Work to complete - Give the lines again exactly as they appear below, from the line with "Location de vacances" to the line with "Komoran: Traktori lëviz", both included, and only those lines. Leave every picture out.

Web page caption snippets -
————————
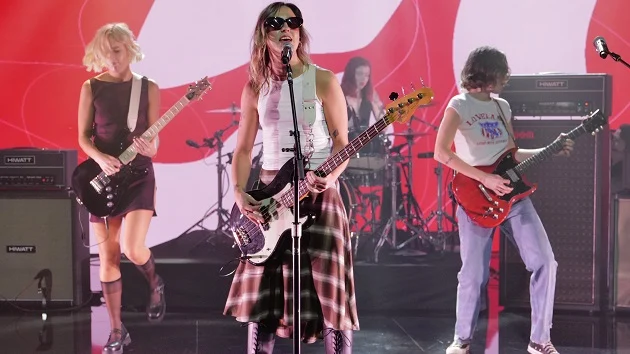 The Beaches win ‘Lesbian of the Year’ with latest ‘﻿No Hard Feelings﻿’ track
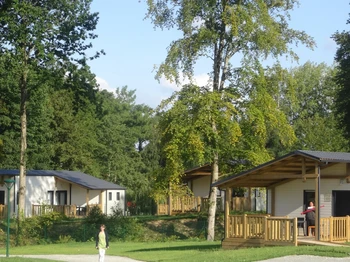 En famille, entre amis, en couple, en groupe, le Val de Landrouet est adapté à tous, pour de bons moments conviviaux, sereins et apaisants.  Le domaine est idéal pour découvrir la Bretagne, se reposer et pratiquer des expériences sportives en haute saison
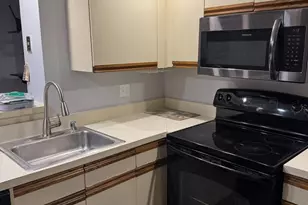 10409 Beacon Ridge Dr, Bowie, MD 20721 - Photo 2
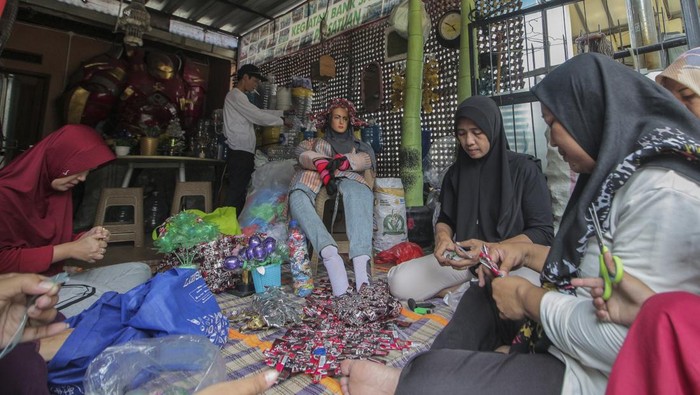 Perajin menyelesaikan kerajinan tas berbahan sampah plastik di Bank Sampah Persatuan, Duren Sawit, Jakarta, Jumat (23/2/2024). Selain untuk meningkatkan nilai jual limbah plastik, pemberdayaan masyarakat dalam produksi kerajinan daur ulang tersebut juga bertujuan mengampanyekan cara memproses yang lebih bijak dan ramah lingkungan. ANTARA FOTO/Jhogy Nabhasa Siahan/app/aww.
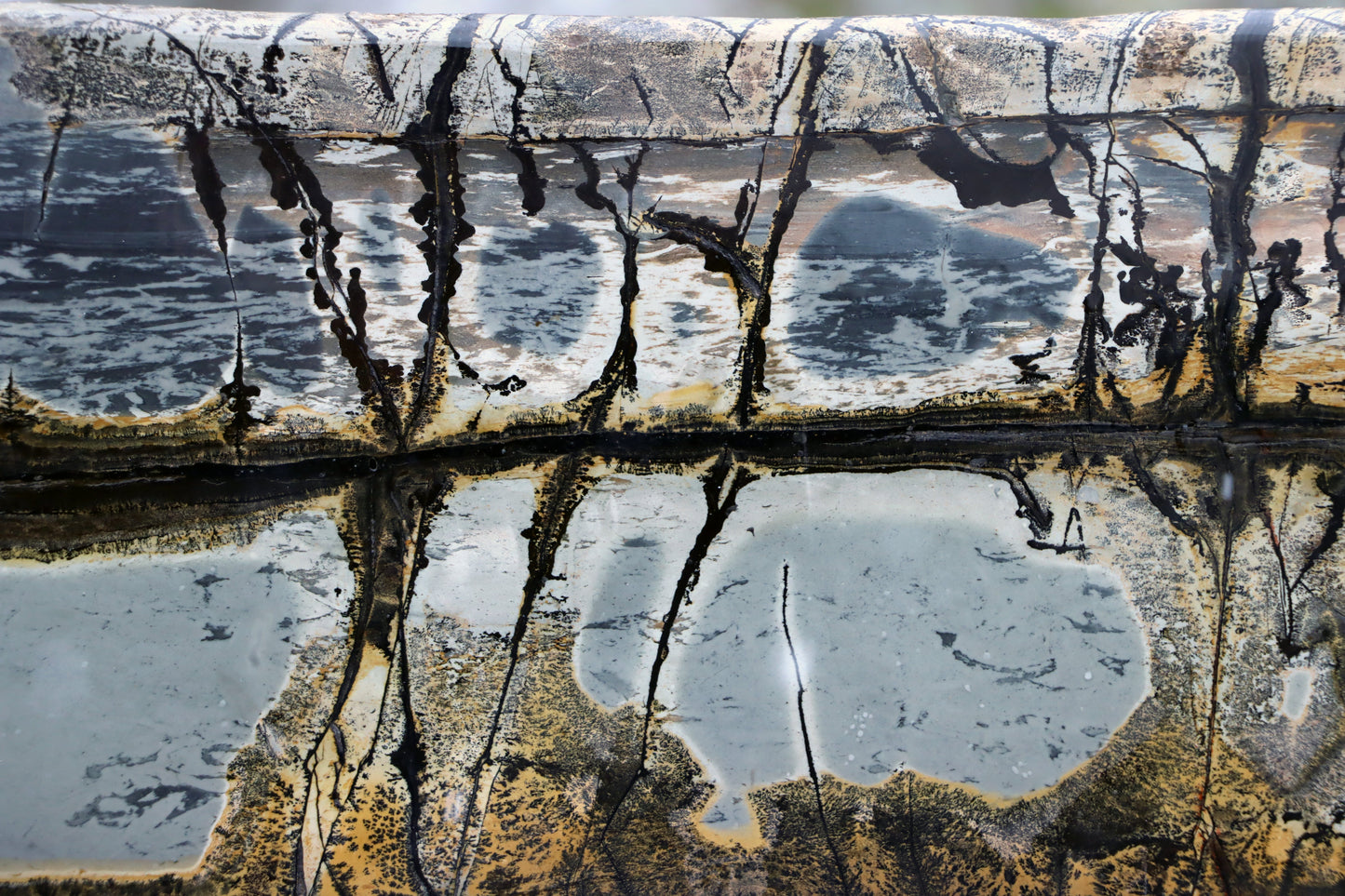 Porcelanit jako sopečná krajina - Supreme Panthers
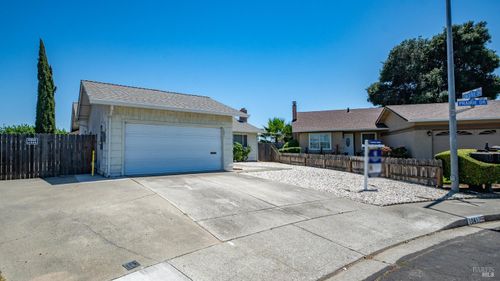 1041 Prairie Dr, Suisun City, CA, 94585-2902 | Card Image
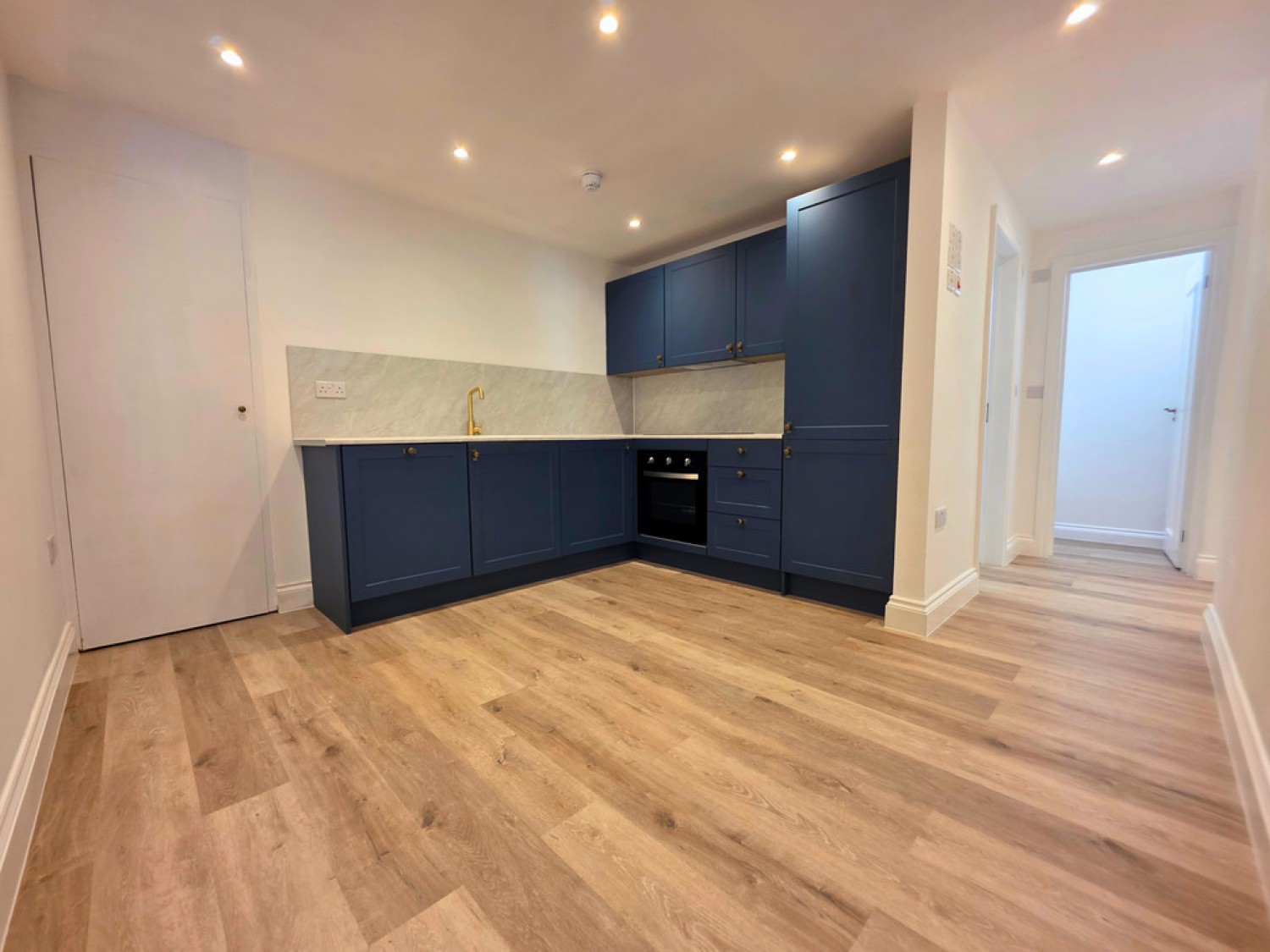 3 bedroom Flat for Letting Dorchester Road, Weymouth, Dorset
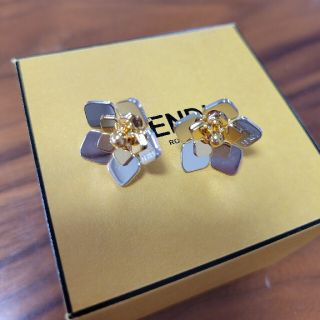 フェンディ(FENDI)の♡FENDI  　ピアス♡(ピアス)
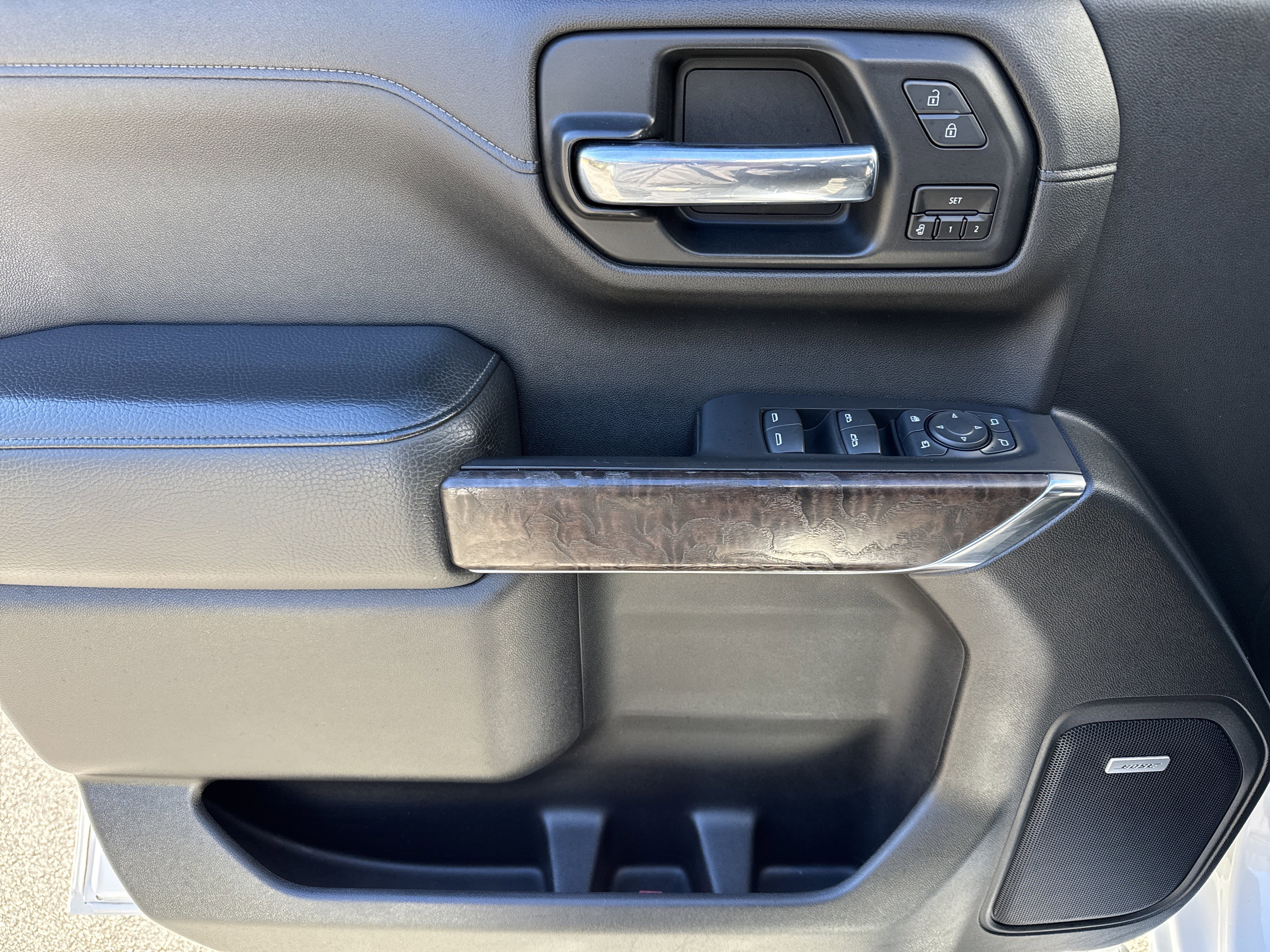 Used 2021 GMC Sierra 1500 Denali w/ Denali Ultimate Package image 13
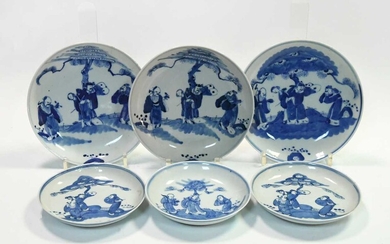 A set of three Chinese blue and white porcelain saucer dishes, Qing Dynasty, 19th century
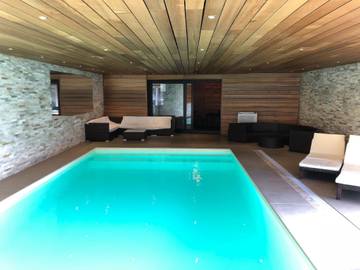 Location de vacances pour 8 personnes, avec terrasse ainsi que piscine et sauna, adapté aux familles dans Petit Coo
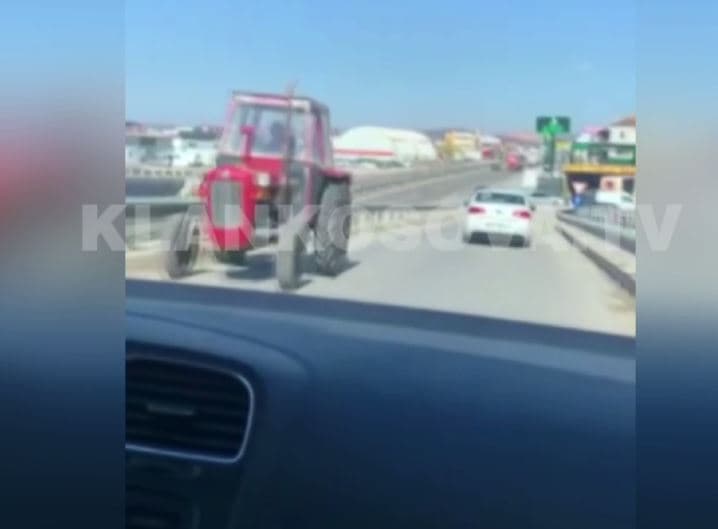 Komoran: Traktori lëviz në anën e kundërt në rrugë njëkahëshe (VIDEO)
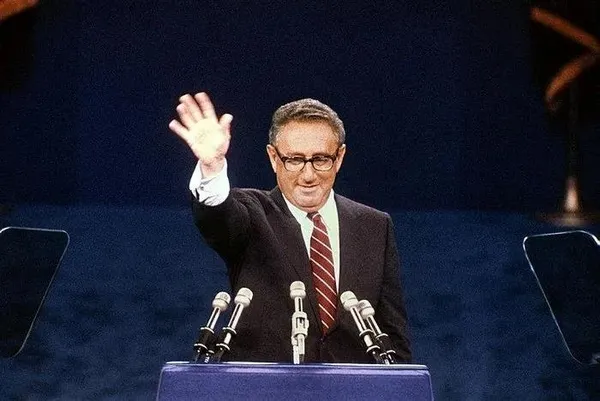 abd-eski-disisleri-bakani-henry-kissinger-100-yasinda-oldu-1701322971211.jpeg ABD eski Dışişleri Bakanı Henry Kissinger, 100 yaşında öldü - 5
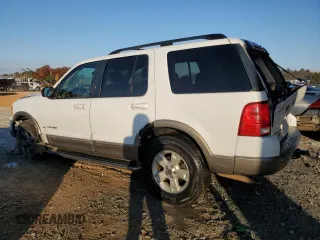 2004 Ford Explorer Eddie Bauer with VIN 1FMDU64W74UB82717, listed as a Copart auction lot 82611394 with 277,557 mi miles and Salvage title. Bid and sale history available at DreamBid. Image 2.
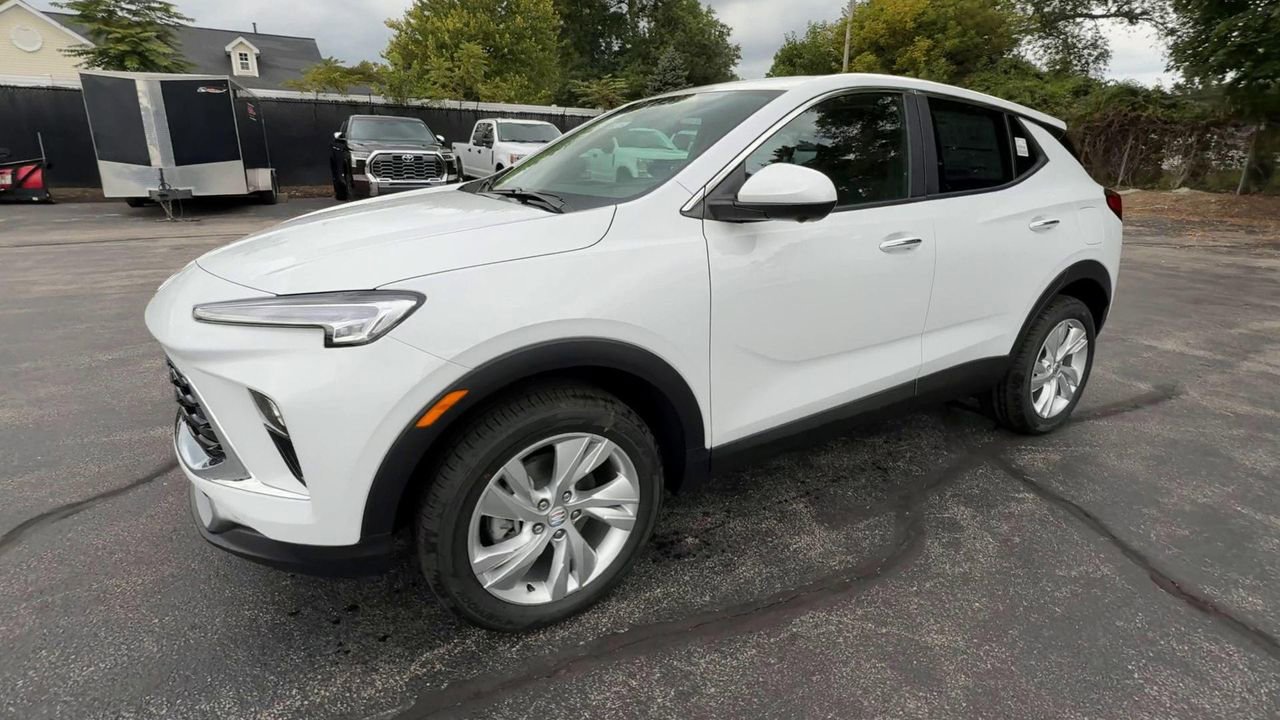 2026 Buick Encore GX Preferred photo 3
————————
Exercise response -
 Location de vacances pour 8 personnes, avec terrasse ainsi que piscine et sauna, adapté aux familles dans Petit Coo
 Komoran: Traktori lëviz në anën e kundërt në rrugë njëkahëshe (VIDEO)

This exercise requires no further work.